Serap Gökalp Pirana Kahkahalarını okura “Farklı kılıklarda sokulur yaşamlara ve gözüne kestirdiğini yok eder. İri, sivri dişleriyle, yemediği hiçbir şey yoktur, çiğnemeksizin yutar. Kendinden çok daha büyüklere saldırıp parçalar koparır. Aile bağları güçlüdür ama yaralı annesi olsa, kokuyu alır almaz dayanamaz onu yer. Duyuları mükemmel işler. Eylem çılgınlığı boyunca sürekli konum değiştirir, çok hızlı hareket eder. Bu yüzden onun olduğu her yer kaynar. Yaşam düzeyinin düştüğü sularda yüzenleri daha tehlikelidir. Giderek sürüye dönüşüyor ve uzman takımlar oluşturuyorlar. İçlerindeki yaralılar dâhil her şeye göz dikiyorlar. Küme bilinci yüksek bu yaratıklar, onlarla aynı ortamı paylaşan ötekileri ortaklaşa tüketiyor. İlk yaptıkları, kurbanlarının tüm hareket organlarını koparmak. Onu canlı, çaresiz, baş aşağı asılı bırakmak, sonra birer birer yok etmek. Şiddet… Bu piranayı korkulu sularda aramaya gerek yok, keskin bir göz onun her yerde olduğunu görür. Geçmişte var olduğu gibi gelecekte de umulmadık anlarda ortaya çıkacaktır. Kahkahaları hep duyulacaktır…” cümleleriyle sunuyor.
Yazar hakkında
Serap Gökalp Bursa’da doğdu. İlk öyküsü 1983 yılında Edebiyat-81 dergisinde yayımlandı. İlk kitabı Astak Kum Saatinde Akarken 2002 yılında, ikinci kitabı Kulak Misafiri 2009 yılında, üçüncü kitabı Tuz Saraylar 2010 yılında yayımlandı.
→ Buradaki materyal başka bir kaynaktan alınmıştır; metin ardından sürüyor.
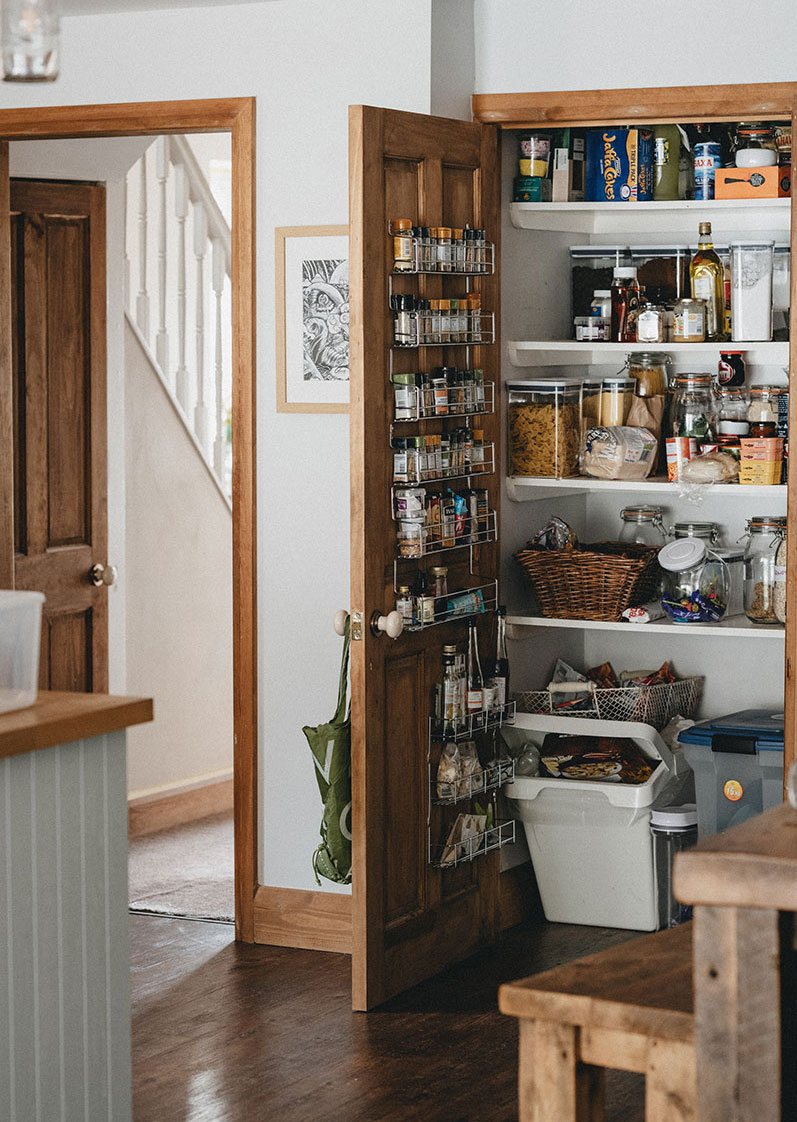 Rangements malins et espace optimisé dans les placards de la cuisine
Dergilerde, edebiyat sitelerinde öyküleri, inceleme ve eleştiri yazıları yer alan Serap Gökalp’in Petrol İş Sendikası Kadın Öyküleri Yarışmasında 2007 birinciliği, Madenci Öyküleri Yarışmasında 2007 yılı ikinciliği, Abdullah Baştürk İşçi Öyküleri Yarışmasında 2007 yılı üçüncülüğü, Uluslararası Orhan Kemal Öykü Ödülü Yarışmasında 2009 yılında ikincilik ödülleri bulunuyor.
Biri Almanya’da olmak üzere on ayrı öykü seçkisinde yer alan öyküleri dışında tiyatro oyunları da bulunuyor.
Bursa, İzmir, Mersin ve Bodrum’da değişik yaş gruplarıyla öykü atölyesi çalışmaları gerçekleştirmiş, birçok sivil toplum kuruluşunda gönüllü çalışmıştır. Halen ÇYDD Bodrum Şubesi ve Bodrum Kent Konseyi, Kültür Sanat Meclisi gönüllüleri arasındadır.